ORBIS: Output-Guided Token Reduction with Distribution-Aware Matching for Video Diffusion Acceleration

Diffusion Transformer (DiT) has emerged as a powerful model architecture for generating high-quality images and videos. In the case of video DiT, 3D Spatio-Temporal Attention increases token length in proportion to the number of frames, sharply increasing computational cost. Token reduction methods mitigate this cost by exploiting spatial redundancy, but existing approaches rely on inaccurate similarity estimates and lightweight matching algorithms, resulting in poor matching quality and only marginal acceleration. To overcome these limitations, we propose ORBIS, an SW-HW co-designed accelerator for video DiT. ORBIS leverages the output activation from the previous timestep to obtain more accurate inter-token similarity, substantially improving matching quality and enabling a higher token reduction ratio. We further introduce a Distribution-Aware Token Matching (DATM) algorithm that captures global token distribution and explicitly minimizes token-pair loss for additional gains. To fully hide DATM latency, we design specialized, deeply pipelined hardware and minimize its hardware cost through quantization, occupying only 2.4% of total area with negligible accuracy loss. Extensive experiments show that ORBIS achieves about 2x higher token reduction ratio than the state-of-the-art approach, AsymRnR, while delivering up to 4.5x speedup and 79.3% energy reduction compared to an NVIDIA A100 GPU.

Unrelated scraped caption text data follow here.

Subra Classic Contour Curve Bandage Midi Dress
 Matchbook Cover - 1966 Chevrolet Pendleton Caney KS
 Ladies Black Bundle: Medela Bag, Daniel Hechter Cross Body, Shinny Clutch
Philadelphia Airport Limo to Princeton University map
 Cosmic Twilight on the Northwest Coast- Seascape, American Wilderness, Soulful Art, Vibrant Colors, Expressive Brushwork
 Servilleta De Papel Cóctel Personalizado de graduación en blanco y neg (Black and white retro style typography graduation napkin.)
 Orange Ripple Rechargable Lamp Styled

Rethinking Token Reduction for Diffusion Models via Output-Similarity-Awareness

Diffusion Transformers (DiTs) achieve superior image generation quality but suffer from quadratic computational complexity relative to token count. While various token reduction (TR) methods have been proposed to mitigate this cost, they overlook the primary objective of generative models: minimizing recovery error, which requires reflecting output token similarity. They rely solely on input token similarity inherited from reduction-only ViT paradigms, leading to a fundamental misalignment with this objective. To bridge this gap, we propose DiTo, a novel TR paradigm that shifts the focus toward output-centric token reduction. Based on the observation that output token similarity is consistently preserved across adjacent timesteps, DiTo utilizes prior-step similarities as an effective proxy to establish token correspondences at a Matching timestep, which are then reused across multiple subsequent Reduction timesteps. To optimize this interleaved scheduling, we propose Pair Match Ratio (PMR)-guided Interval Scheduling to determine the optimal matching frequency. Furthermore, to mitigate localized approximation errors and resulting blocking artifacts caused by repeated reuse, we propose Frequency-aware Token Matching by incorporating a selection-frequency penalty. Extensive experiments demonstrate that DiTo consistently outperforms existing TR methods with 1.6-3.9 dB higher PSNR at comparable speedups, achieving a superior Pareto frontier.

EXION: Exploiting Inter- and Intra-Iteration Output Sparsity for Diffusion Models

Over the past few years, diffusion models have emerged as novel AI solutions, generating diverse multi-modal outputs from text prompts. Despite their capabilities, they face challenges in computing, such as excessive latency and energy consumption due to their iterative architecture. Although prior works specialized in transformer acceleration can be applied, the iterative nature of diffusion models remains unresolved. In this paper, we present EXION, the first SW-HW co-designed diffusion accelerator that solves the computation challenges by exploiting the unique inter- and intra-iteration output sparsity in diffusion models. To this end, we propose two SW-level optimizations. First, we introduce the FFN-Reuse algorithm that identifies and skips redundant computations in FFN layers across different iterations (inter-iteration sparsity). Second, we use a modified eager prediction method that employs two-step leading-one detection to accurately predict the attention score, skipping unnecessary computations within an iteration (intra-iteration sparsity). We also introduce a novel data compaction mechanism named ConMerge, which can enhance HW utilization by condensing and merging sparse matrices into compact forms. Finally, it has a dedicated HW architecture that supports the above sparsity-inducing algorithms, translating high output sparsity into improved energy efficiency and performance. To verify the feasibility of the EXION, we first demonstrate that it has no impact on accuracy in various types of multi-modal diffusion models. We then instantiate EXION in both server- and edge-level settings and compare its performance against GPUs with similar specifications. Our evaluation shows that EXION achieves dramatic improvements in performance and energy efficiency by 3.2-379.3x and 45.1-3067.6x compared to a server GPU and by 42.6-1090.9x and 196.9-4668.2x compared to an edge GPU.